Exercise: Would you please copy all of the data exactly, skipping the images?

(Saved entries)
• • • •

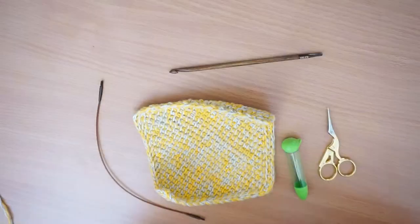Hello Crafty Llamas! In this video I'll be showing you how to Tunisian crochet a corner-to-corner dishcloth.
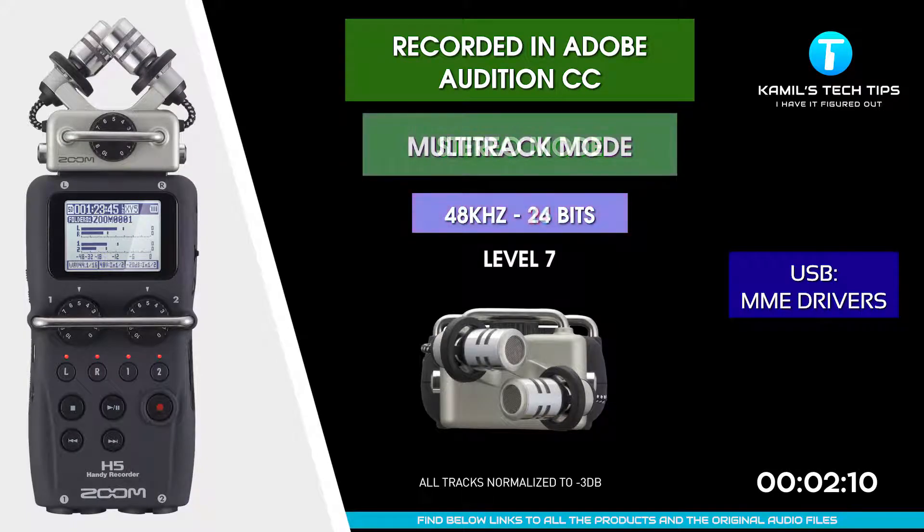I'm recording now to Zoom H5 via USB interface in multi-track mode, 48 kilohertz via Windows drivers — MME device class. There is a big latency. Let's test the noise and other quality.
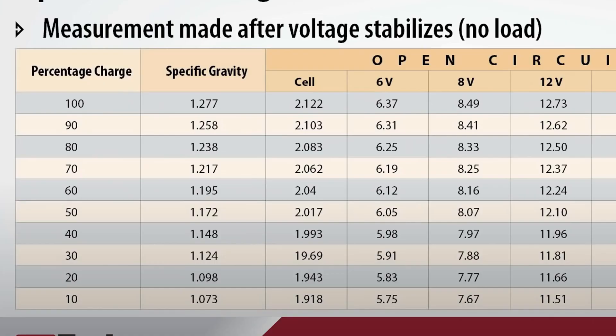For long life and many recharges, it is important that you do not discharge your batteries way down. Do not discharge them below 50%, and 75% is even better. A 100% full battery will read 12.7 volts on your meter. A 75% full battery will read 12.4 volts and a 50% full battery will read 12.1 volts.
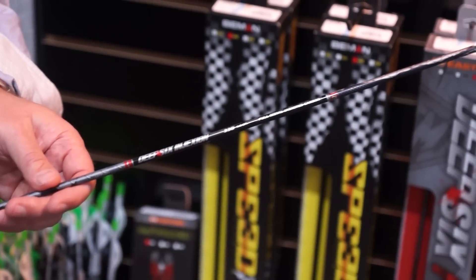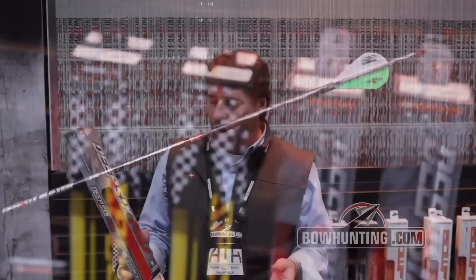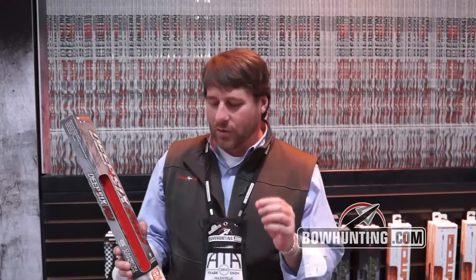We came out with small diameter arrows about seven, eight years ago and ever since then we've just been going smaller and smaller. And a lot of people ask, why do you do that? Why do you make the smaller diameter arrows?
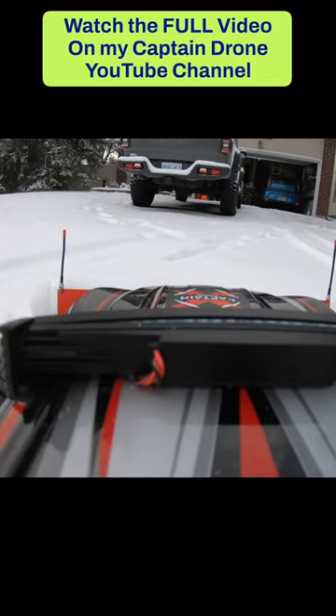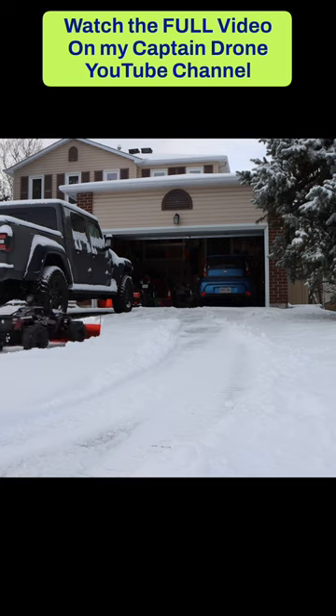That is so cool. No problem plowing my driveway. I don't have to use a shovel though.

• • • •

Exercise result:
Hello Crafty Llamas! In this video I'll be showing you how to Tunisian crochet a corner-to-corner dishcloth.
I'm recording now to Zoom H5 via USB interface in multi-track mode, 48 kilohertz via Windows drivers — MME device class. There is a big latency. Let's test the noise and other quality.
For long life and many recharges, it is important that you do not discharge your batteries way down. Do not discharge them below 50%, and 75% is even better. A 100% full battery will read 12.7 volts on your meter. A 75% full battery will read 12.4 volts and a 50% full battery will read 12.1 volts.
We came out with small diameter arrows about seven, eight years ago and ever since then we've just been going smaller and smaller. And a lot of people ask, why do you do that? Why do you make the smaller diameter arrows?
That is so cool. No problem plowing my driveway. I don't have to use a shovel though.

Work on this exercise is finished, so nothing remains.